DATA BLOCK Start Marker

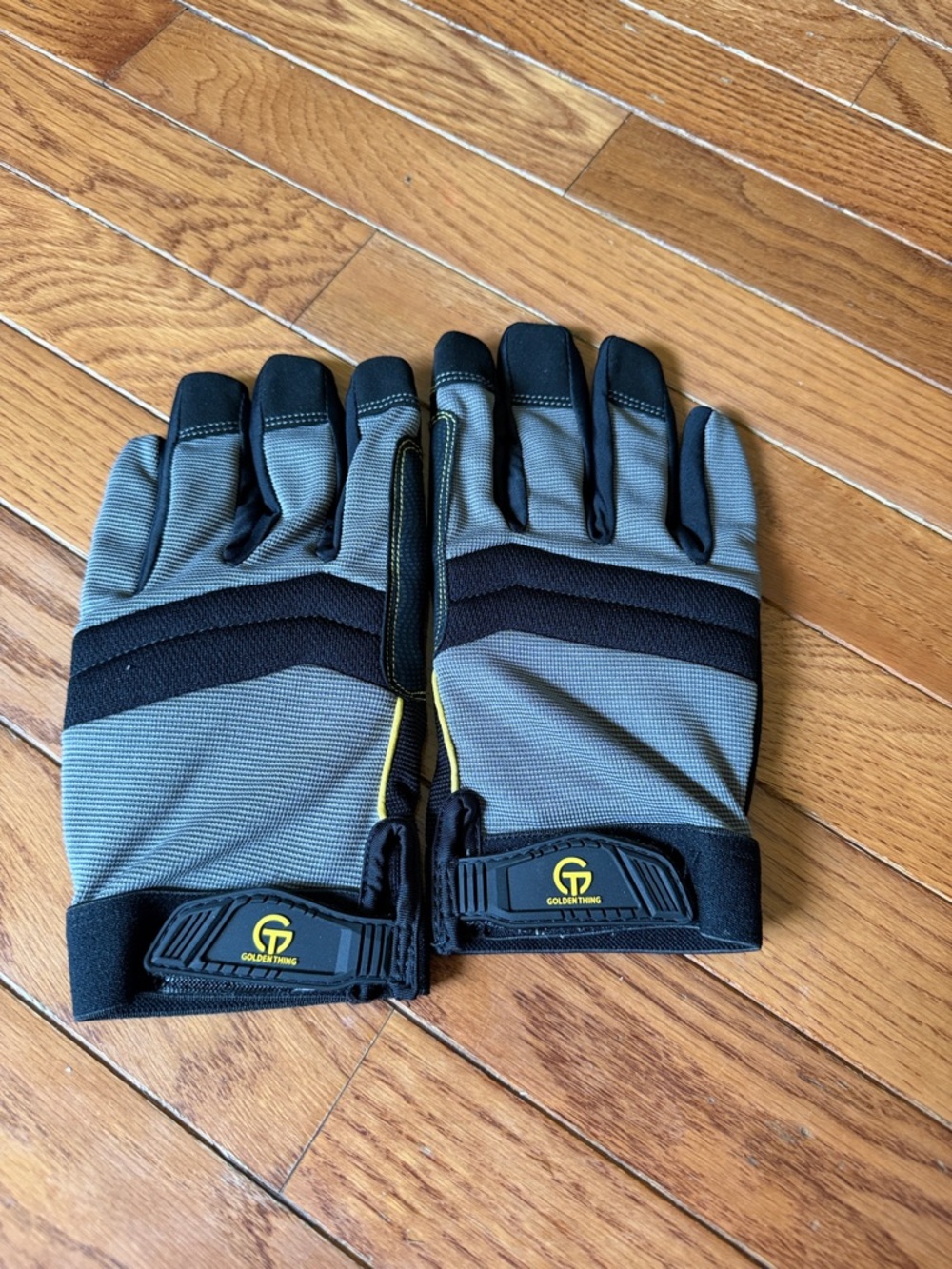 Men's Gray & Black Work Gloves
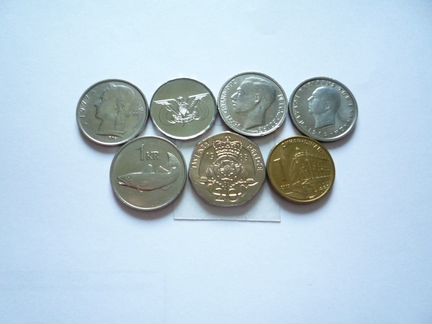 Все монеты по одной цене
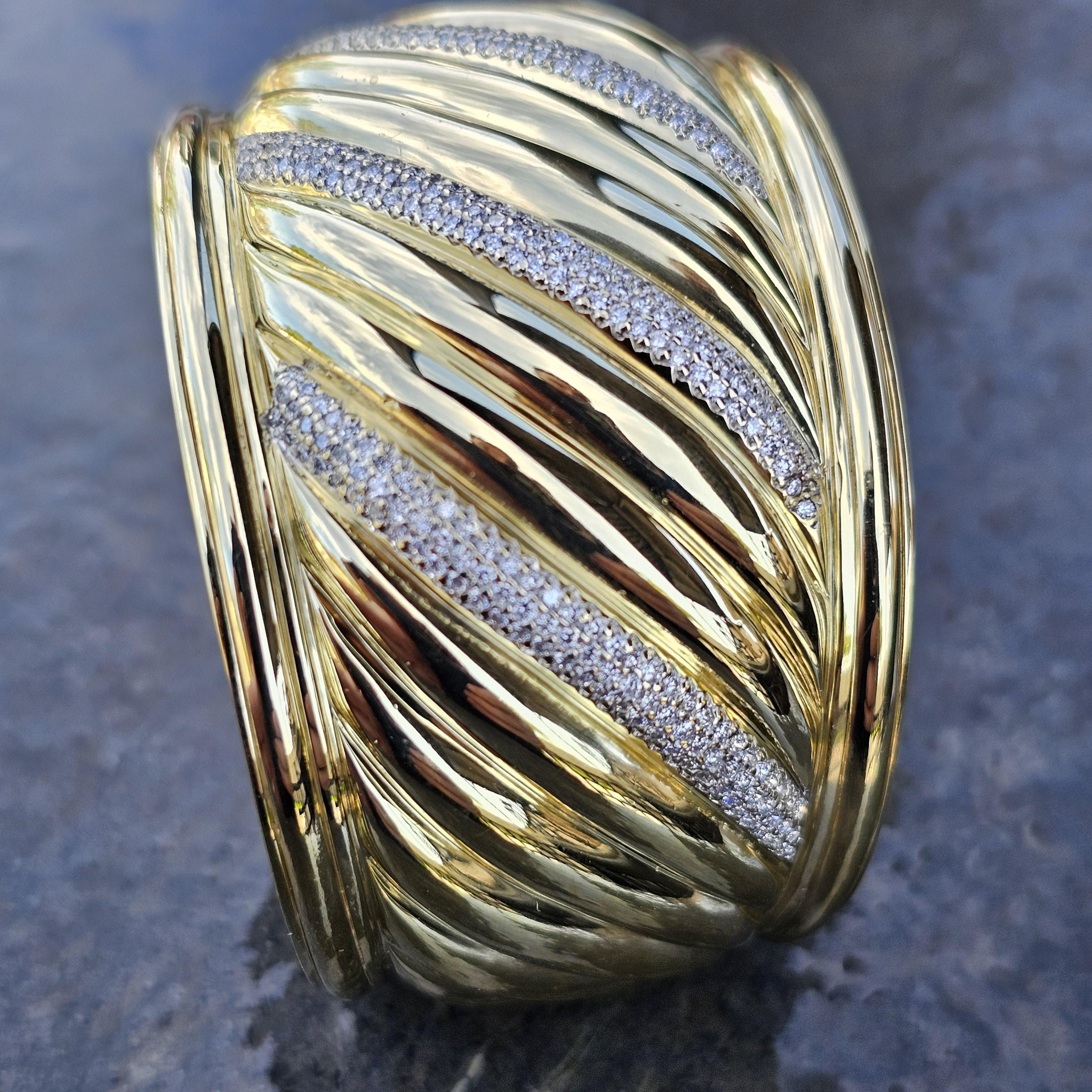 David Yurman d'epoca in oro massiccio 112g 18k Bracciale con 4 file di diamanti intagliati in vendita 2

DATA BLOCK End Marker

ABOUT THIS EXERCISE | When copying, output the data exactly and leave out the pictures.

REPLY TO THE EXERCISE |
 Men's Gray & Black Work Gloves
 Все монеты по одной цене
 David Yurman d'epoca in oro massiccio 112g 18k Bracciale con 4 file di diamanti intagliati in vendita 2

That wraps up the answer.